Paradigma baru ini dipandang sebagai kesempatan oleh perguruan tinggi kelas dunia untuk meningkatkan investasi dibidang pendidikan penjualan, dimana dari 45 program pendidikan yang ditawarkan pada tahun 2007 meningkat dua kali lipat ditahun 2011. Dunia perguruan tinggi makin percaya diri bahwa mereka dapat memberikan lebih kepada mahasiswa dibandikan dengan apa yang bisa diberikan oleh pelatihan di industri.
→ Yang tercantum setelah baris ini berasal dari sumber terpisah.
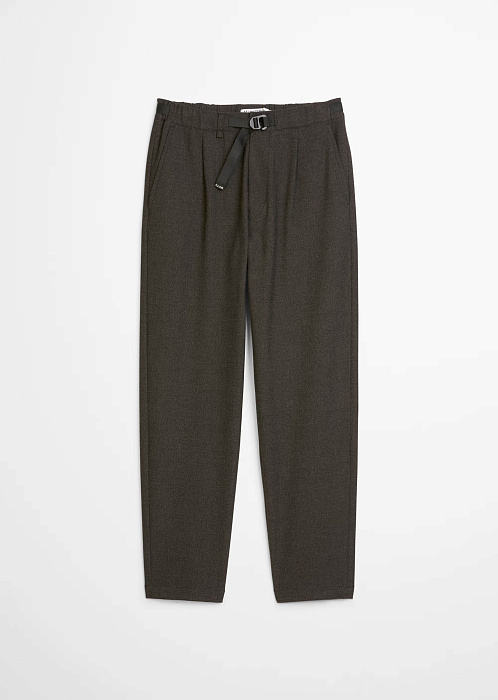 Коричневый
1.3. Menjual Pendidikan Ilmu Menjual

Paradigma lama terkait profesi penjual yang kurang bergengsi mempengaruhi animo mahasiswa  belajar dalam pendidikan ilmu menjual diperguruan tinggi. Keberlangsungan karir seorang penjual (sales person) juga diragukan, dan ini sudah menjadi stereotype publik. Pendidikan ilmu menjual terus berusaha meyakinkan mahasiswanya bahwa ini adalah suatu profesi yang sangat menarik, karena memberikan otonomi yang luar biasa kepada individu, serta ruang gerak yang sangat luas dan dapat menjalin jaringan dengan banyak pihak eksternal perusahaan. Penghargaan berupa uang juga sangat menarik karena ini berkorelasi dengan usaha individu masing-masing. Motivasi yang diberikan para dosen program penjualan di perguruan tinggi ini cukup dapat meningkatkan animo mahasiswa untuk yakin memilih profesi penjual setelah lulus. Tugas yang tidak kalah berat adalah meyakinkan industri untuk bermitra dengan perguruan tinggi. Karena sekolah bisnis merupakan sekolah professional, bukan akademis, maka industri memiliki tanggung jawab untuk menjaga para mahasiswa tetap bangga pada profesi yang dipilihnya. Saat ini banyak pusat-pusat penjualan sudah jenuh oleh aktivitas bisnis, namun sangat sulit untuk melakukan ekspansi karena salesperson yang langka. Apabila industri berkepentingan dengan menumbuhkan pusat-pusat penjualan, diharapkan industri dapat menjadi mitra aktif perguruan tinggi yang membuka program pendidikan penjualan.